I’m ambitious and I set myself the goal of self-publishing a book before the end of 2021. I started writing WTS on September 2 and finished it on November 4. It was then released on December 22. Mission accomplished!
But throw back to my very first manuscript—a young adult fantasy romance—and that took me two writing courses and almost two whole years to finish. Writing takes time, especially when you’re first starting out. It doesn’t matter how long a book takes though, so long as you keep going. Don’t quit. There are readers out there waiting to read your book, you just need to put it in their hands.
I really hoped readers were going to love Waiting To Score, but I’ve been blown away by the response to it. I’m still so shocked when readers make TikToks or Reels or edits about my story and characters. It’s the absolute best!
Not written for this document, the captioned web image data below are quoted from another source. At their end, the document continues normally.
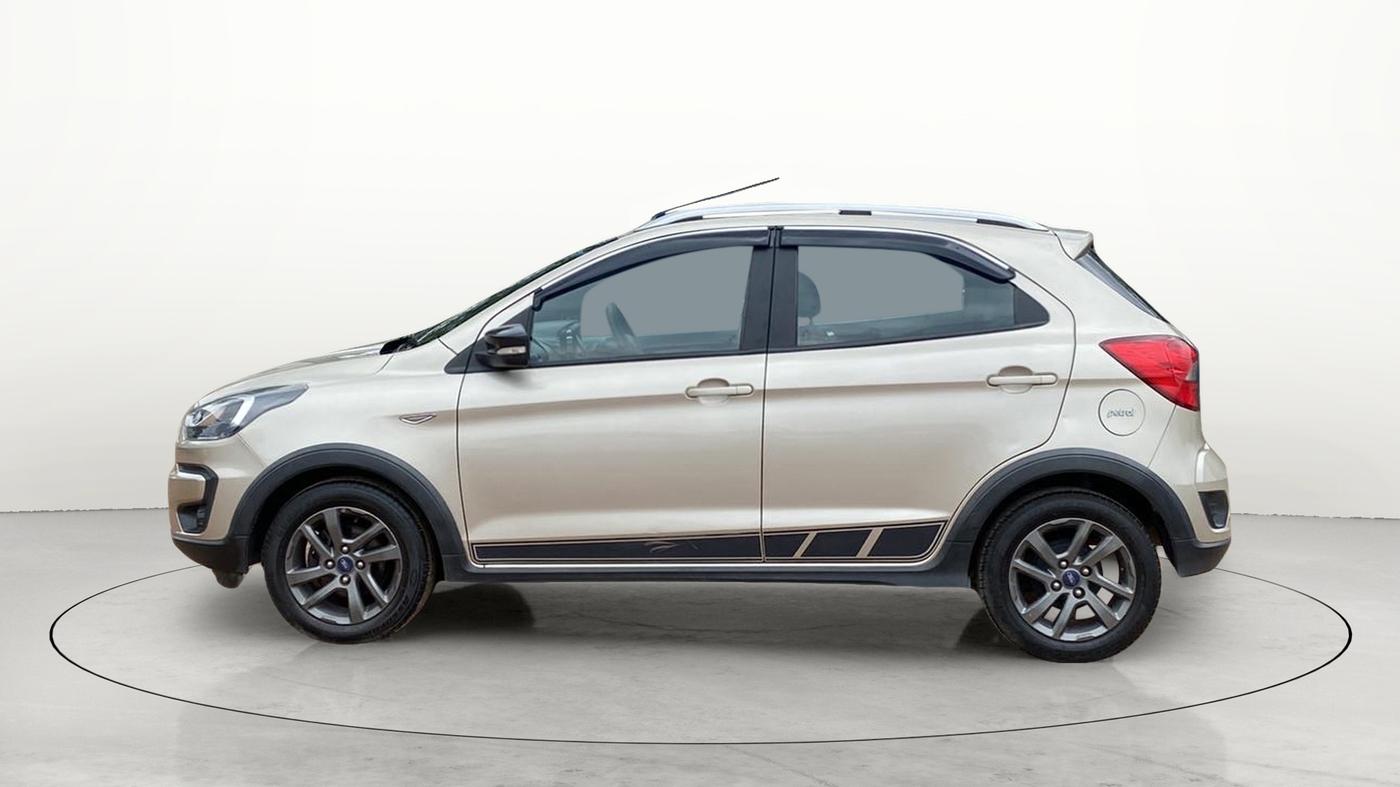 2018 Ford FREESTYLE TITANIUM PLUS 1.2 PETROL, Petrol, Manual, 27,342 km, Left Side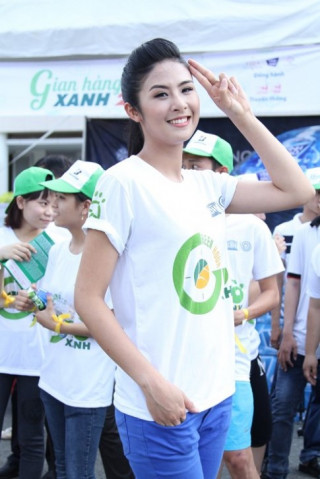 Hoàng My, Ngọc Hân giản dị tham gia hoạt động xã hội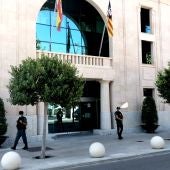 Registro de la guardia civil en la sede de la Autoridad Portuaria de Baleares en Palma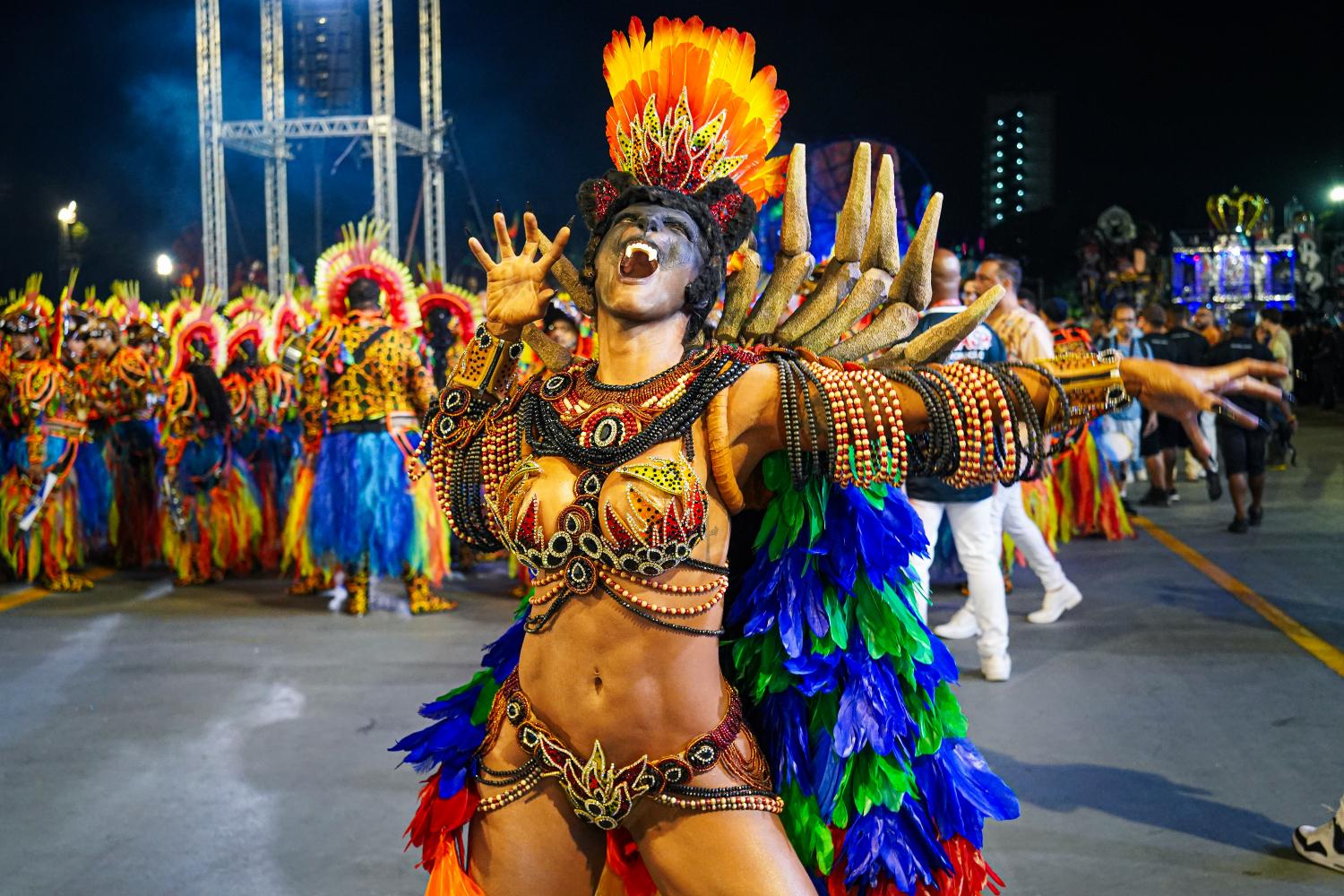 Carla Prata aposta em visual inédito e ressurge selvagem e irreconhecível em desfile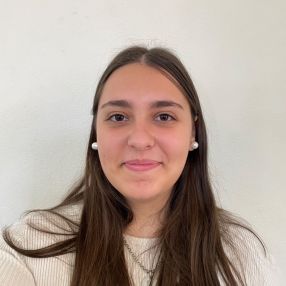 Lara, Babysitter em Alcabideche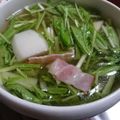 みい５２１２'s cooksnap of when they made ほっこり♪里芋ベーコンの水菜スープ.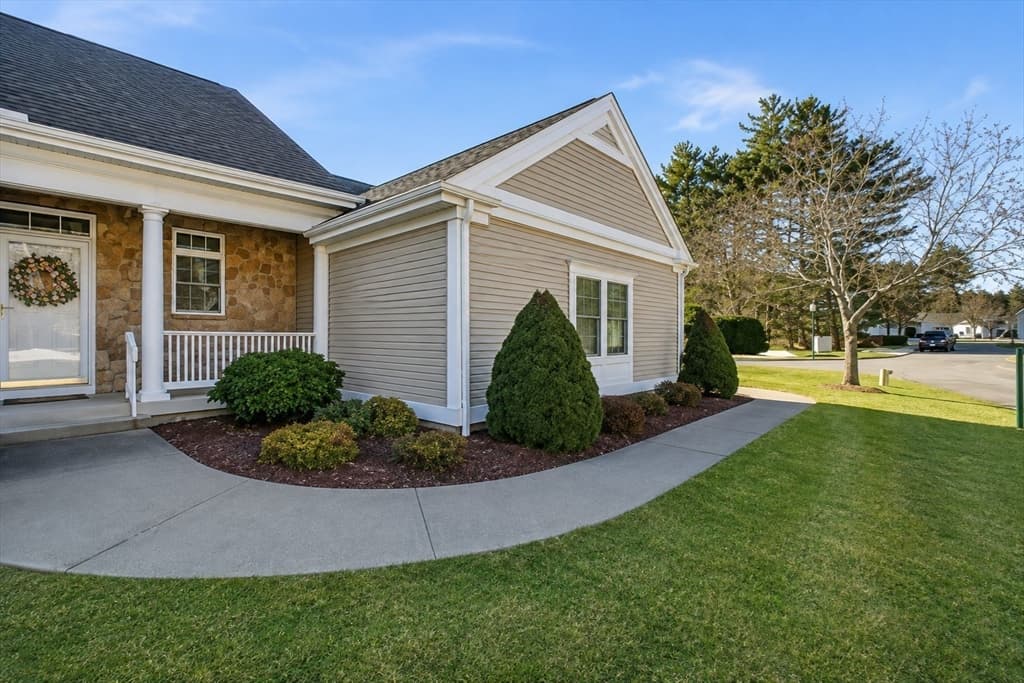 1 A Aspen Dr # 1, Wilbraham MA 01095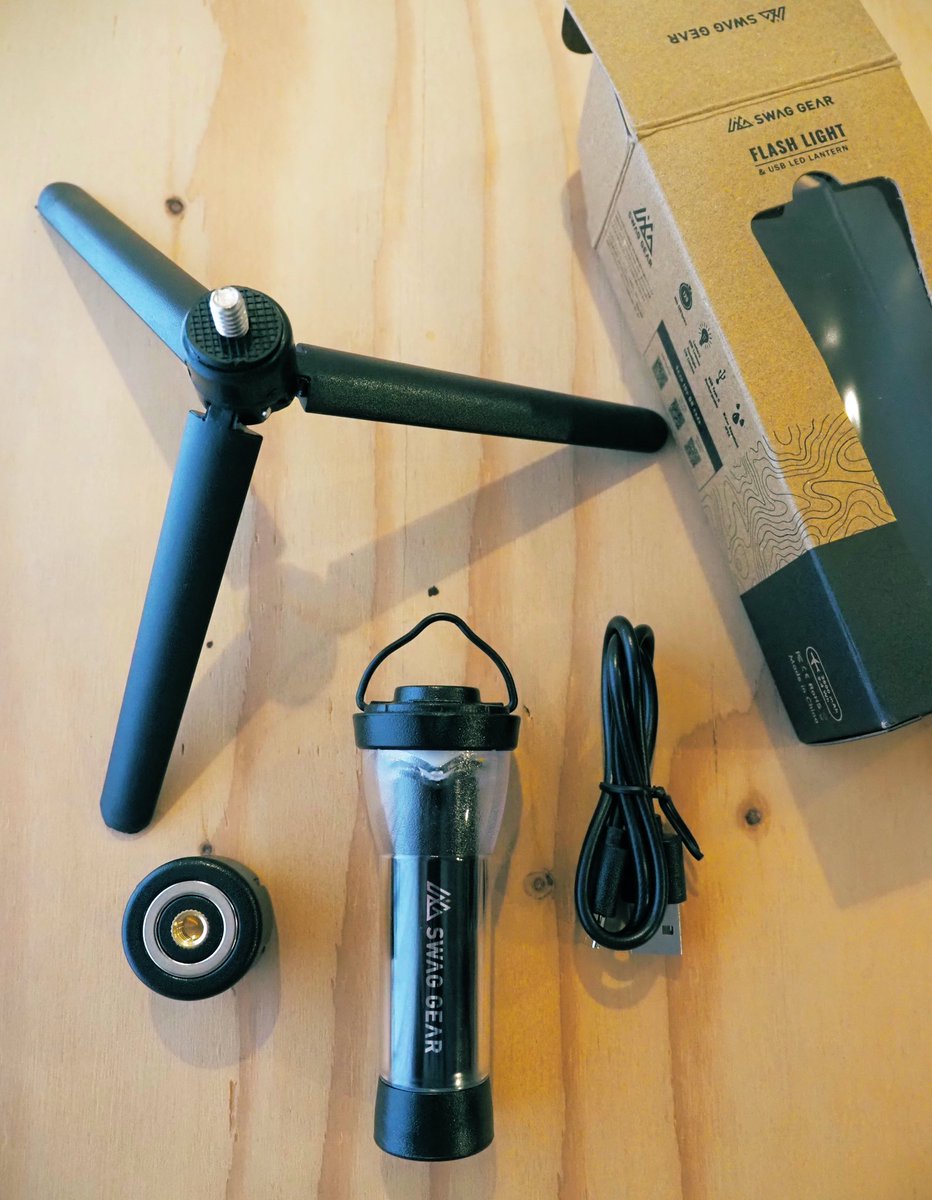 stem910's tweet photo. SWAG GEARのLEDフラッシュライト。手のひらサイズのコンパクトさで軽量、明るさは最大260lm。バッテリー容量は2600mAh、最大約120時間点灯。手に持つ懐中電灯スタイル以外にも、三脚&amp;磁気ブラケットが付属していて置くこともできるし、吊り下げたりマグネットで付けたりもできて便利です
#PR #swaggear https://t.co/KGxsHKDHUZ
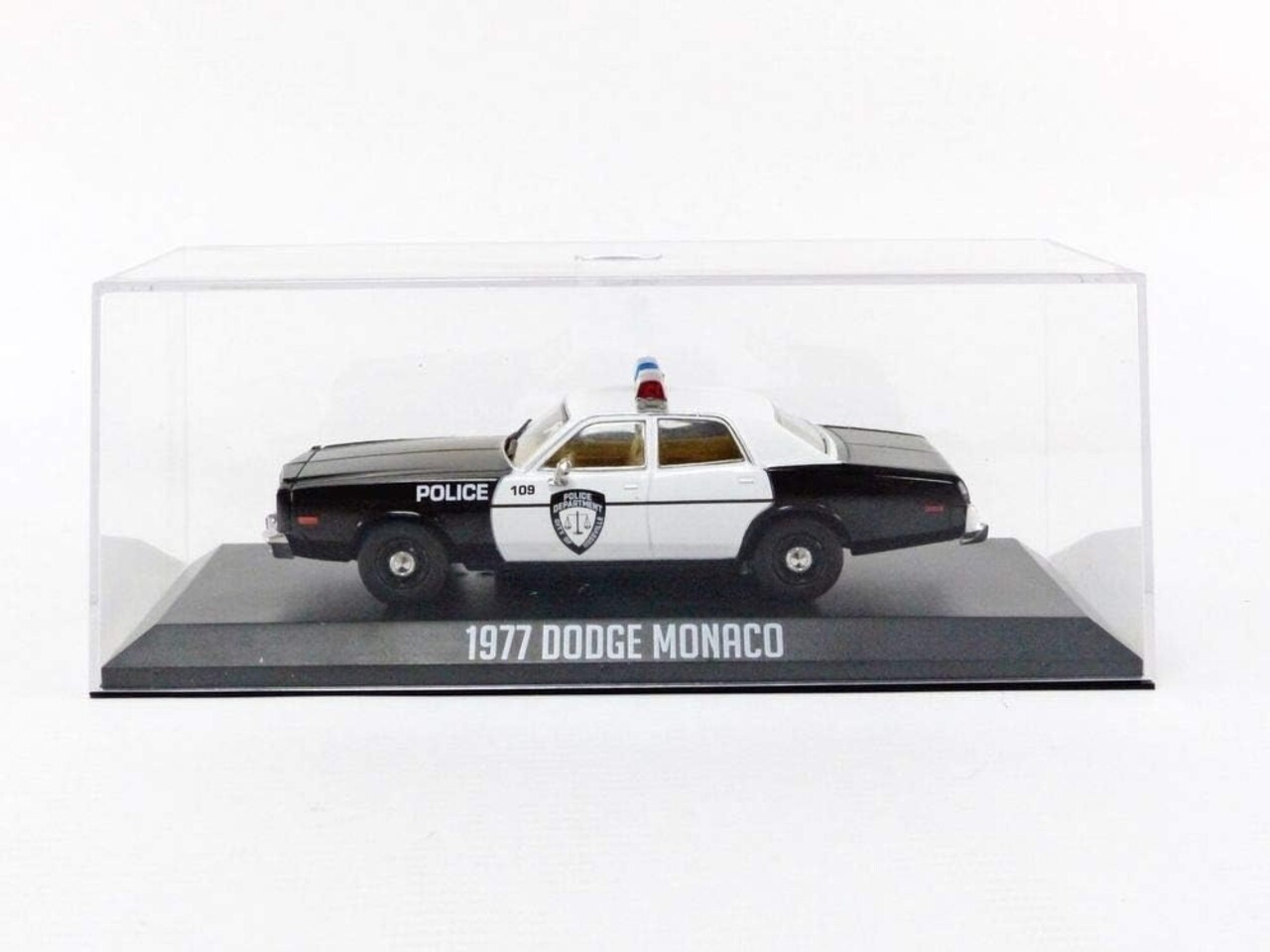 Dodge Dodge Monaco (Police Roseville) 1977 - 1:43 - Greenlight Dodge Dodge Monaco (Police Roseville) 1977 - 1:43 - Greenlight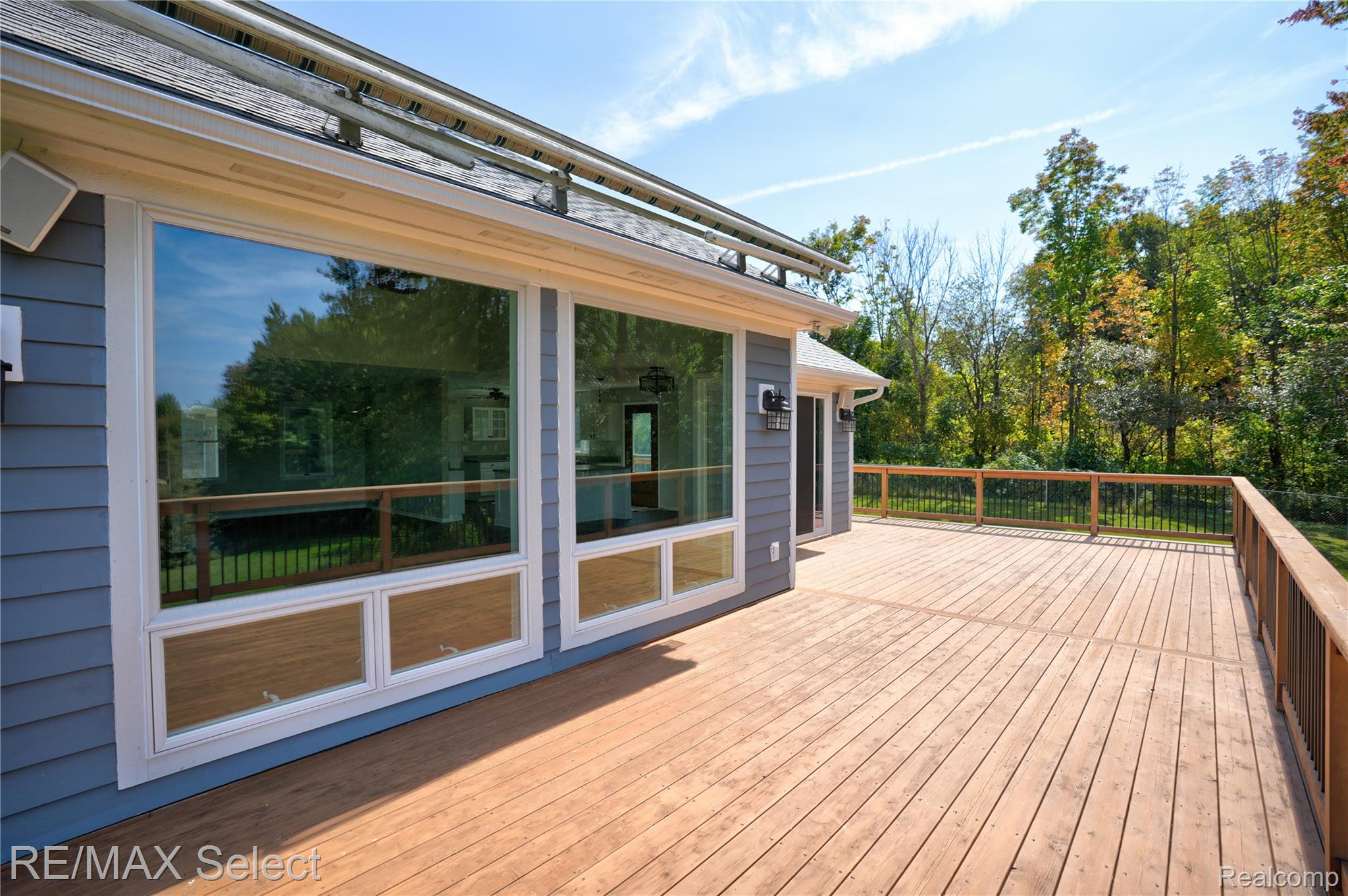 6056 Atlas Road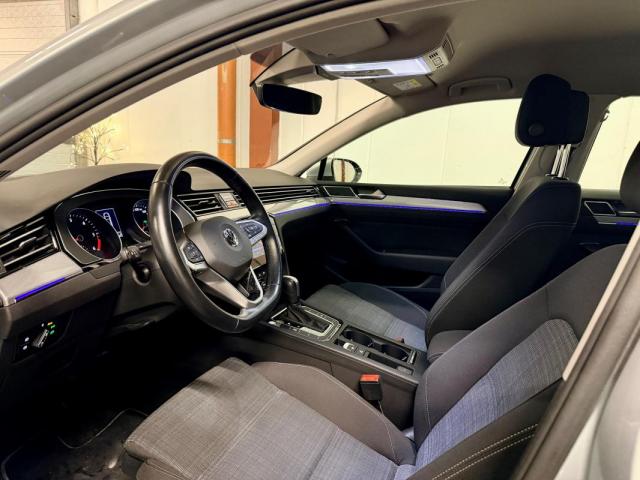Volkswagen Passat image 9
Do you believe in writer’s block?
Absolutely! But it’s totally self-inflicted. You’re blocked by your own mind, for whatever reason.
I suffered from massive writer’s block straight after Waiting To Score was released. I’d already started on book two and was just under halfway through the manuscript when WTS came out. I absolutely LOVED all the messages from readers asking me when book two was coming, but I put a heap of pressure on myself as a result. Internally I was beating myself up about why I hadn’t already written book two and why it wasn’t ready to go now, but like… with what time?! I have a four-year-old, my husband is a workaholic (in the best way) and I still work part-time in my current job as a journalist. I’m only one person and I can only type so fast or sacrifice so much sleep! It was such harsh self-criticism.
Acknowledging that now didn’t stop me from becoming totally blocked though, which meant writing went from this fun, creative outlet at the end of each day to a massive stressor I suddenly felt like I had to do. And the ideas just would not come.
I took the time to really think about it and shake off that self-inflicted pressure and the words flowed again. I’m now two-thirds done with Shooting To Win and hopefully in a few more weeks it’ll be finished. So, we’re back on track!
What can we expect from you in the future?
More books! Book two in the Pierson University series, Shooting To Win, will be coming out (hopefully) in the next few months. Then book three either later in the year or early next year. And I’m hoping to release a fantasy romance at some point this year too if I’m lucky!